As a note: CRPS is sometimes referred to as “Chronic Regional Pain Syndrome” which is a common error. The correct name of the syndrome is “Complex Regional Pain Syndrome”.
CRPS is a rare disorder, and this is a great case that provides insight on both Complex Regional Pain Syndrome and Systemic CRPS.
This action is a request by the Petitioner Houston for a Judicial Review from a WCAT ruling dealing with the issue of CRPS and Systemic CRPS. The Petitioner was successful in this Judicial Review.
Houston v. British Columbia (Workers’ Compensation Appeal Tribunal), 2015 BCSC 2447 (CanLII)
Complex Regional Pain Syndrome & Systemic CRPS
A minor injury can result in Comples Regional Pain Syndrome. When the symptoms spread to other parts of the body it is known as “Systemic CRPS”
 Ms. Houston sustained a soft tissue injury to her left shoulder in 1999 while moving boxes in the course of her employment with BC Hydro. At that time, she was employed as an electrician. Subsequently, she developed CRPS in the region of her left shoulder girdle.
 CRPS is rare. It has only fairly recently been recognized as a medical condition. Much of the difficulty faced by the parties in this case arose from the lack of a clear medical consensus as to the symptoms and diagnostic criteria of CRPS.

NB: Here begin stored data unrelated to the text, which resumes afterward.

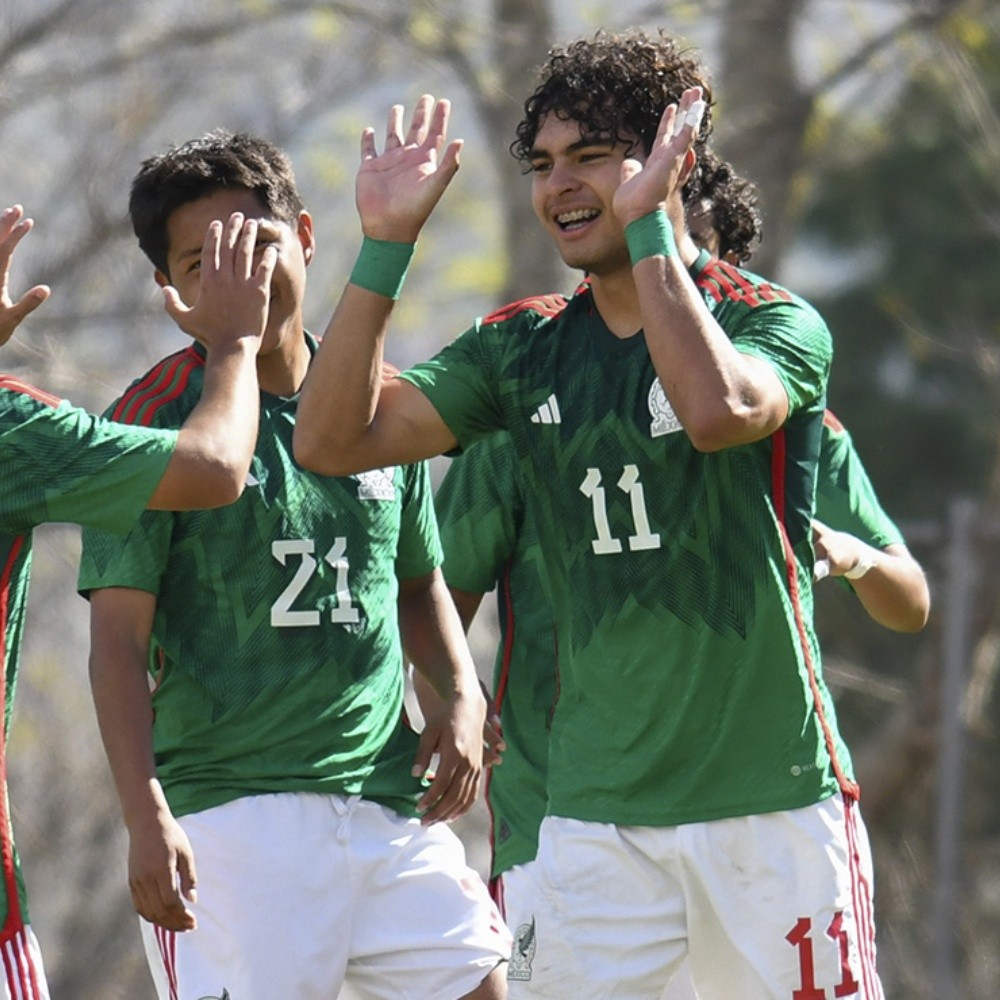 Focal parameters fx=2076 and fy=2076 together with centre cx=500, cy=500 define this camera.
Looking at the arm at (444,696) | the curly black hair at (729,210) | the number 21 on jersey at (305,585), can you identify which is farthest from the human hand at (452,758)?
the curly black hair at (729,210)

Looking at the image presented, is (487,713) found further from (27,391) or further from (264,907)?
(27,391)

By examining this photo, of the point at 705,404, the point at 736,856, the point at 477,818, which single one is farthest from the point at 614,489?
the point at 477,818

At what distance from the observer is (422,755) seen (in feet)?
15.1

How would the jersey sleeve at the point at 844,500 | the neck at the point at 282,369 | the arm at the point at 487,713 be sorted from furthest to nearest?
the jersey sleeve at the point at 844,500 → the arm at the point at 487,713 → the neck at the point at 282,369

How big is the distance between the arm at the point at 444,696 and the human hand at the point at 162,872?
0.63 metres

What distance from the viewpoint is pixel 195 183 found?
4734mm

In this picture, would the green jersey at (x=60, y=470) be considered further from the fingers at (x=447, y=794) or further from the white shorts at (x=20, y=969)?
the fingers at (x=447, y=794)

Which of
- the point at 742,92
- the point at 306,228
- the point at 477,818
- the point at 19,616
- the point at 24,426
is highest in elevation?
the point at 742,92

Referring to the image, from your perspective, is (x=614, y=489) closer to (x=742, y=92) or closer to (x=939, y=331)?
(x=742, y=92)

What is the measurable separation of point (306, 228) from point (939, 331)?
10.7 m

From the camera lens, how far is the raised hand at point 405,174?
410 cm

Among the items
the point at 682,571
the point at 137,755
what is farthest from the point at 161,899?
the point at 682,571

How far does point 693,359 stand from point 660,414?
1.00ft

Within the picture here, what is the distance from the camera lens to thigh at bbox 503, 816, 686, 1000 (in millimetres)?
4152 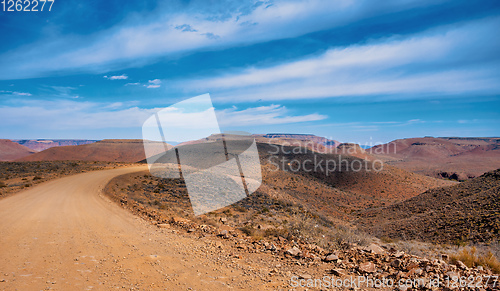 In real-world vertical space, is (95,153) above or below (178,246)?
above

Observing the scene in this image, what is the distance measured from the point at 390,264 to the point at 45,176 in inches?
1004

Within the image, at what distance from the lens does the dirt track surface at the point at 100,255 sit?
527cm

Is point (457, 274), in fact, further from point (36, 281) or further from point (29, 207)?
point (29, 207)

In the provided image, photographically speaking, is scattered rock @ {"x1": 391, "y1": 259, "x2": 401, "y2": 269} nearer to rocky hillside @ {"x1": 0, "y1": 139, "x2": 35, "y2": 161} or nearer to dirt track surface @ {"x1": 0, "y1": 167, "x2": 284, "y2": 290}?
dirt track surface @ {"x1": 0, "y1": 167, "x2": 284, "y2": 290}

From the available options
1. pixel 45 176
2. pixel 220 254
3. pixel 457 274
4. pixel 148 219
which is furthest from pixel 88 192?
pixel 457 274

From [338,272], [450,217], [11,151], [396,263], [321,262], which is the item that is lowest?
[450,217]

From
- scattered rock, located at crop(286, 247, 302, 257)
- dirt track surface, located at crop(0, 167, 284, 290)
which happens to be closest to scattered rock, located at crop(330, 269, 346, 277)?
scattered rock, located at crop(286, 247, 302, 257)

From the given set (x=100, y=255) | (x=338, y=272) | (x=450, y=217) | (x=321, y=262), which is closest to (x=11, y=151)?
(x=100, y=255)

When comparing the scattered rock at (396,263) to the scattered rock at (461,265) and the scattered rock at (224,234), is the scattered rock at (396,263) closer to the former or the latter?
the scattered rock at (461,265)

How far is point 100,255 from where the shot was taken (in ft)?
21.5

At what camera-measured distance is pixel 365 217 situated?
28.1m

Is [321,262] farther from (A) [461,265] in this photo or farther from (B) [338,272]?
(A) [461,265]

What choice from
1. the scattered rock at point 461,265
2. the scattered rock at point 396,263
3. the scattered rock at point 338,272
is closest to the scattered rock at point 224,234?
the scattered rock at point 338,272

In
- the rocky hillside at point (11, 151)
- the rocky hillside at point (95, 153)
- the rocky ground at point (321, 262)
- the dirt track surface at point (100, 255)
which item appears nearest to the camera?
the dirt track surface at point (100, 255)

 The syndrome generally describes a constellation of symptoms that arise following what is often a relatively minor injury. The symptoms are out of keeping with the severity of the original injury. They typically include:
- temperature deregulation,
- excessive perspiration,
- marked cold sensitivity,
- discolouration of the skin and
- burning pain or autonomic disturbance.
 The cause of CRPS s unknown. There is little published or peer reviewed literature relating to it. Diagnosis of CRPS is made more difficult by the fact that its symptoms tend to be variable and not all of them may be present all of the time As indicated above, in certain cases a person who suffers from CRPS in one region of the body may develop the same symptoms in another region, usually following another minor injury. This condition was described by Dr. Hunt and the Board as Systemic CRPS, although that term does not appear to be universally used in the medical literature, as was pointed out by Dr. Waterman, a doctor consulted by WCAT in this case. Another term used to describe the spread of CRPS symptoms is multiple site CRPS.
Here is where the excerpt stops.